- [Exercise directions]:
Would you output the entries below only from the line containing "Harbor Explorer Coat" through the line containing "Woman in Yellow", exactly as they stand and with both ends included?

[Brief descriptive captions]
>>>
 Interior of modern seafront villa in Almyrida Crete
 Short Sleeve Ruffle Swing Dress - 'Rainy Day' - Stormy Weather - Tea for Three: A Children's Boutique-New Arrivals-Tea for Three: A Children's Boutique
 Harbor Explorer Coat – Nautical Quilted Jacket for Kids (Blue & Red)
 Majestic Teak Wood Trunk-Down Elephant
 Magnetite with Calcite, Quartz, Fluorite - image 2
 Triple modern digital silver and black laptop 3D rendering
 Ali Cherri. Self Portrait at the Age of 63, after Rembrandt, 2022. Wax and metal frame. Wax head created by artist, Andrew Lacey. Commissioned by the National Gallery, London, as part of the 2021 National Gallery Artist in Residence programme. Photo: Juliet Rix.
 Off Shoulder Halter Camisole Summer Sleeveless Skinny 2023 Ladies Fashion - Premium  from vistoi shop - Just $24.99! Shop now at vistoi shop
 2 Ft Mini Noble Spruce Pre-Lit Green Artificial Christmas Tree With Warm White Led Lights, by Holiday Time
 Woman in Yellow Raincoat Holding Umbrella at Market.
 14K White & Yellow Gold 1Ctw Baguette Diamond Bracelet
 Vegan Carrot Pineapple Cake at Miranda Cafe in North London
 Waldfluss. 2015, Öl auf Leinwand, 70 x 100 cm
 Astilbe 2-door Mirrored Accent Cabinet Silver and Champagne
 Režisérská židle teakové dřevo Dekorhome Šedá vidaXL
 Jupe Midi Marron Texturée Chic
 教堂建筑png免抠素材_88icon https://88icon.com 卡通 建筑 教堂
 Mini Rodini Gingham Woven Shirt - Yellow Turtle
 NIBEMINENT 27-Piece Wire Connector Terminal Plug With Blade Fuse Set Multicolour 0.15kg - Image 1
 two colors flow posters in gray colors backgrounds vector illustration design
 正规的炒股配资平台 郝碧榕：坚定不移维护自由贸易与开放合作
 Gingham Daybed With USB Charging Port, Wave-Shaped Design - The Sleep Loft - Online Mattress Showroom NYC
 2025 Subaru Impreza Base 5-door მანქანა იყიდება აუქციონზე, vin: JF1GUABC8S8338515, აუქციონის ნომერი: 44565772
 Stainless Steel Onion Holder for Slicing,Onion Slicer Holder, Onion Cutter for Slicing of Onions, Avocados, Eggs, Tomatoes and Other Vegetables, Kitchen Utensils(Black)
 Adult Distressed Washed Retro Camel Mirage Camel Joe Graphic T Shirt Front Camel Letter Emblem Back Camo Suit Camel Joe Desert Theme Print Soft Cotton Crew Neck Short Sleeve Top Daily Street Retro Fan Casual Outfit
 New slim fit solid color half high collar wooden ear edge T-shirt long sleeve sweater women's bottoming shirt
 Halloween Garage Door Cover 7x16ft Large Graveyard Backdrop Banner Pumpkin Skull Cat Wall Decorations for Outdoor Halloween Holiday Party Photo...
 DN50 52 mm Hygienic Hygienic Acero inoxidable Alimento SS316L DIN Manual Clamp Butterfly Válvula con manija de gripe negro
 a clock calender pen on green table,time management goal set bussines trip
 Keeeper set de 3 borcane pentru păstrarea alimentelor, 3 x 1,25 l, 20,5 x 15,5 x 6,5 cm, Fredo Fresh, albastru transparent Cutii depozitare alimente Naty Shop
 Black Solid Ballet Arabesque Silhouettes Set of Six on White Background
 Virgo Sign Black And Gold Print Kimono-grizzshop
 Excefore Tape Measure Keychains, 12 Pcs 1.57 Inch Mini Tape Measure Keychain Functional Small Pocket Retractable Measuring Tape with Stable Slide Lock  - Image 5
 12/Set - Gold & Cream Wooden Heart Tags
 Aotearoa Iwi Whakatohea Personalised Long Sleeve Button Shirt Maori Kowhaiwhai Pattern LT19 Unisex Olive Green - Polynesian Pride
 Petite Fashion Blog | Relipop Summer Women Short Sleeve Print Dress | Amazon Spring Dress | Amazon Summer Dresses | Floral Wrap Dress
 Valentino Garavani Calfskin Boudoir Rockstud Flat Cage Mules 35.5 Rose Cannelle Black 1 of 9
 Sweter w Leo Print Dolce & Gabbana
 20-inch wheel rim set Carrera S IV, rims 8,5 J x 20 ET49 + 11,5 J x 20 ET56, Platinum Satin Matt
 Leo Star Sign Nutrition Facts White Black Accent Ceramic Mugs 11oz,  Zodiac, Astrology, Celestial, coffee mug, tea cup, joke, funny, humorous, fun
<<<
- [Solution]:
 Harbor Explorer Coat – Nautical Quilted Jacket for Kids (Blue & Red)
 Majestic Teak Wood Trunk-Down Elephant
 Magnetite with Calcite, Quartz, Fluorite - image 2
 Triple modern digital silver and black laptop 3D rendering
 Ali Cherri. Self Portrait at the Age of 63, after Rembrandt, 2022. Wax and metal frame. Wax head created by artist, Andrew Lacey. Commissioned by the National Gallery, London, as part of the 2021 National Gallery Artist in Residence programme. Photo: Juliet Rix.
 Off Shoulder Halter Camisole Summer Sleeveless Skinny 2023 Ladies Fashion - Premium  from vistoi shop - Just $24.99! Shop now at vistoi shop
 2 Ft Mini Noble Spruce Pre-Lit Green Artificial Christmas Tree With Warm White Led Lights, by Holiday Time
 Woman in Yellow Raincoat Holding Umbrella at Market.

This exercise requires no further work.